**STORED DATA**:
□ □ □ □

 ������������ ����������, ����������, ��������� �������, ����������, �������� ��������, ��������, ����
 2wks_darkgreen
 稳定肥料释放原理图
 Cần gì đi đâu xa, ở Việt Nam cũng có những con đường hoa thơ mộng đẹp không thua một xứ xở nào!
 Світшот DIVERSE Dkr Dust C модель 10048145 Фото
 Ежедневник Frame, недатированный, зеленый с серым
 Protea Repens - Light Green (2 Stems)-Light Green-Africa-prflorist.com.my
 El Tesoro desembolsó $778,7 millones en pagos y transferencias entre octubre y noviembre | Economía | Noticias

□ □ □ □

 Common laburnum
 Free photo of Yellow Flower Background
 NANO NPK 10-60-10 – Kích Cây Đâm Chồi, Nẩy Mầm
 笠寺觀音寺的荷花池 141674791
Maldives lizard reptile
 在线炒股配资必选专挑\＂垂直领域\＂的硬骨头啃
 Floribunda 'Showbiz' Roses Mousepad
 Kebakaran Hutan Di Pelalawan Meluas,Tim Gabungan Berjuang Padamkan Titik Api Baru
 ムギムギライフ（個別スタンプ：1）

□ □ □ □

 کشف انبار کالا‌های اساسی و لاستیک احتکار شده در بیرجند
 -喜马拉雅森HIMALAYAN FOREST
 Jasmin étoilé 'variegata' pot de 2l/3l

□ □ □ □

Going back over the entries above, copy word for word every line from the one that has "Common laburnum" on through the one that has "ムギムギライフ（個別スタンプ：1）".

**RESPONSE**:
 Common laburnum
 Free photo of Yellow Flower Background
 NANO NPK 10-60-10 – Kích Cây Đâm Chồi, Nẩy Mầm
 笠寺觀音寺的荷花池 141674791
Maldives lizard reptile
 在线炒股配资必选专挑\＂垂直领域\＂的硬骨头啃
 Floribunda 'Showbiz' Roses Mousepad
 Kebakaran Hutan Di Pelalawan Meluas,Tim Gabungan Berjuang Padamkan Titik Api Baru
 ムギムギライフ（個別スタンプ：1）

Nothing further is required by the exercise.